# YOUR GOAL
Would you please retype the records that follow, word for word?

# EXERCISE INPUTS
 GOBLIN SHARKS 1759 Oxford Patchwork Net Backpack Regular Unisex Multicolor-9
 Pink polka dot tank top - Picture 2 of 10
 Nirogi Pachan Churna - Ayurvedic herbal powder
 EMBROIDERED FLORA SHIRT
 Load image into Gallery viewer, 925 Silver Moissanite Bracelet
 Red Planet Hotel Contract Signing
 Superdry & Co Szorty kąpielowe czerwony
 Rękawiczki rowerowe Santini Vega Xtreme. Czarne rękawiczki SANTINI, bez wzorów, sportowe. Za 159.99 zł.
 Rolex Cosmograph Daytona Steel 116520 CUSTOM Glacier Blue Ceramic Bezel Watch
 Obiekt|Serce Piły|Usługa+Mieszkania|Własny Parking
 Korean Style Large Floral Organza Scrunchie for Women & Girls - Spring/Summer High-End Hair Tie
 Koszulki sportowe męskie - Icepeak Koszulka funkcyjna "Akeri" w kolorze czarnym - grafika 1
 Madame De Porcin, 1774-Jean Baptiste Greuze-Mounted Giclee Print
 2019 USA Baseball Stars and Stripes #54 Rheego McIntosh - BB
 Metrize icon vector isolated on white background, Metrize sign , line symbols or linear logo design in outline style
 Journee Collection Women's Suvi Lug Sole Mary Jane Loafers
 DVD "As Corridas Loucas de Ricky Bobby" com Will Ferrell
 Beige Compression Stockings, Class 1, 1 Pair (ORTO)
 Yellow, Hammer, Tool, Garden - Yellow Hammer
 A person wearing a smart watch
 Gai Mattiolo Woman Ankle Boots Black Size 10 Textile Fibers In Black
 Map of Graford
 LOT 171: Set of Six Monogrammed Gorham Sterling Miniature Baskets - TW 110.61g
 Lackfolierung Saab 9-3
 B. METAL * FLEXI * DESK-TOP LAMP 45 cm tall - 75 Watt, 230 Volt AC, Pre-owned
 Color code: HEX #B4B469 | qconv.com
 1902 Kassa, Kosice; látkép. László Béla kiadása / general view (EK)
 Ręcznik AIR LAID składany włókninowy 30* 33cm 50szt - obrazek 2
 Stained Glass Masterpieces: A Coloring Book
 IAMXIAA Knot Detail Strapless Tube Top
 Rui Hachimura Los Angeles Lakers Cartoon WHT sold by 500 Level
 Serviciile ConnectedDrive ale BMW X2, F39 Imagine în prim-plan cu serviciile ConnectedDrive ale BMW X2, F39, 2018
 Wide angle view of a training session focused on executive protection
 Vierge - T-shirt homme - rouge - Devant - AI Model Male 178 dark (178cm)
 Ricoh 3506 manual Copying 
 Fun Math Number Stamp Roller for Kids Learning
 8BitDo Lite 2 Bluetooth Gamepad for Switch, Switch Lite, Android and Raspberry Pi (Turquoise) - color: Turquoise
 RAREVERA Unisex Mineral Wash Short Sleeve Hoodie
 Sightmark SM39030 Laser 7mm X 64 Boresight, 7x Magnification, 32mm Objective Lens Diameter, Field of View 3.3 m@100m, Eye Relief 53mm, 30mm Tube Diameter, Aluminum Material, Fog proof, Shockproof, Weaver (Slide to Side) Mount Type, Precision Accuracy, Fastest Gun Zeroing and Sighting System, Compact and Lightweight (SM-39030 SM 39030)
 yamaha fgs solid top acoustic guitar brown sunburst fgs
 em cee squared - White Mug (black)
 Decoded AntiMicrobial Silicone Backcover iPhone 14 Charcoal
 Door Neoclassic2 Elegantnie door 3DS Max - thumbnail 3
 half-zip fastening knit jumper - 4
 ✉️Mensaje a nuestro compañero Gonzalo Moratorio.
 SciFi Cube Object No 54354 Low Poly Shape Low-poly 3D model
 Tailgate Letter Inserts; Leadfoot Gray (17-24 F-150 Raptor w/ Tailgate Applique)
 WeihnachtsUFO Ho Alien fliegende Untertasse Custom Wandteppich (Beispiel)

# RESULT
 GOBLIN SHARKS 1759 Oxford Patchwork Net Backpack Regular Unisex Multicolor-9
 Pink polka dot tank top - Picture 2 of 10
 Nirogi Pachan Churna - Ayurvedic herbal powder
 EMBROIDERED FLORA SHIRT
 Load image into Gallery viewer, 925 Silver Moissanite Bracelet
 Red Planet Hotel Contract Signing
 Superdry & Co Szorty kąpielowe czerwony
 Rękawiczki rowerowe Santini Vega Xtreme. Czarne rękawiczki SANTINI, bez wzorów, sportowe. Za 159.99 zł.
 Rolex Cosmograph Daytona Steel 116520 CUSTOM Glacier Blue Ceramic Bezel Watch
 Obiekt|Serce Piły|Usługa+Mieszkania|Własny Parking
 Korean Style Large Floral Organza Scrunchie for Women & Girls - Spring/Summer High-End Hair Tie
 Koszulki sportowe męskie - Icepeak Koszulka funkcyjna "Akeri" w kolorze czarnym - grafika 1
 Madame De Porcin, 1774-Jean Baptiste Greuze-Mounted Giclee Print
 2019 USA Baseball Stars and Stripes #54 Rheego McIntosh - BB
 Metrize icon vector isolated on white background, Metrize sign , line symbols or linear logo design in outline style
 Journee Collection Women's Suvi Lug Sole Mary Jane Loafers
 DVD "As Corridas Loucas de Ricky Bobby" com Will Ferrell
 Beige Compression Stockings, Class 1, 1 Pair (ORTO)
 Yellow, Hammer, Tool, Garden - Yellow Hammer
 A person wearing a smart watch
 Gai Mattiolo Woman Ankle Boots Black Size 10 Textile Fibers In Black
 Map of Graford
 LOT 171: Set of Six Monogrammed Gorham Sterling Miniature Baskets - TW 110.61g
 Lackfolierung Saab 9-3
 B. METAL * FLEXI * DESK-TOP LAMP 45 cm tall - 75 Watt, 230 Volt AC, Pre-owned
 Color code: HEX #B4B469 | qconv.com
 1902 Kassa, Kosice; látkép. László Béla kiadása / general view (EK)
 Ręcznik AIR LAID składany włókninowy 30* 33cm 50szt - obrazek 2
 Stained Glass Masterpieces: A Coloring Book
 IAMXIAA Knot Detail Strapless Tube Top
 Rui Hachimura Los Angeles Lakers Cartoon WHT sold by 500 Level
 Serviciile ConnectedDrive ale BMW X2, F39 Imagine în prim-plan cu serviciile ConnectedDrive ale BMW X2, F39, 2018
 Wide angle view of a training session focused on executive protection
 Vierge - T-shirt homme - rouge - Devant - AI Model Male 178 dark (178cm)
 Ricoh 3506 manual Copying 
 Fun Math Number Stamp Roller for Kids Learning
 8BitDo Lite 2 Bluetooth Gamepad for Switch, Switch Lite, Android and Raspberry Pi (Turquoise) - color: Turquoise
 RAREVERA Unisex Mineral Wash Short Sleeve Hoodie
 Sightmark SM39030 Laser 7mm X 64 Boresight, 7x Magnification, 32mm Objective Lens Diameter, Field of View 3.3 m@100m, Eye Relief 53mm, 30mm Tube Diameter, Aluminum Material, Fog proof, Shockproof, Weaver (Slide to Side) Mount Type, Precision Accuracy, Fastest Gun Zeroing and Sighting System, Compact and Lightweight (SM-39030 SM 39030)
 yamaha fgs solid top acoustic guitar brown sunburst fgs
 em cee squared - White Mug (black)
 Decoded AntiMicrobial Silicone Backcover iPhone 14 Charcoal
 Door Neoclassic2 Elegantnie door 3DS Max - thumbnail 3
 half-zip fastening knit jumper - 4
 ✉️Mensaje a nuestro compañero Gonzalo Moratorio.
 SciFi Cube Object No 54354 Low Poly Shape Low-poly 3D model
 Tailgate Letter Inserts; Leadfoot Gray (17-24 F-150 Raptor w/ Tailgate Applique)
 WeihnachtsUFO Ho Alien fliegende Untertasse Custom Wandteppich (Beispiel)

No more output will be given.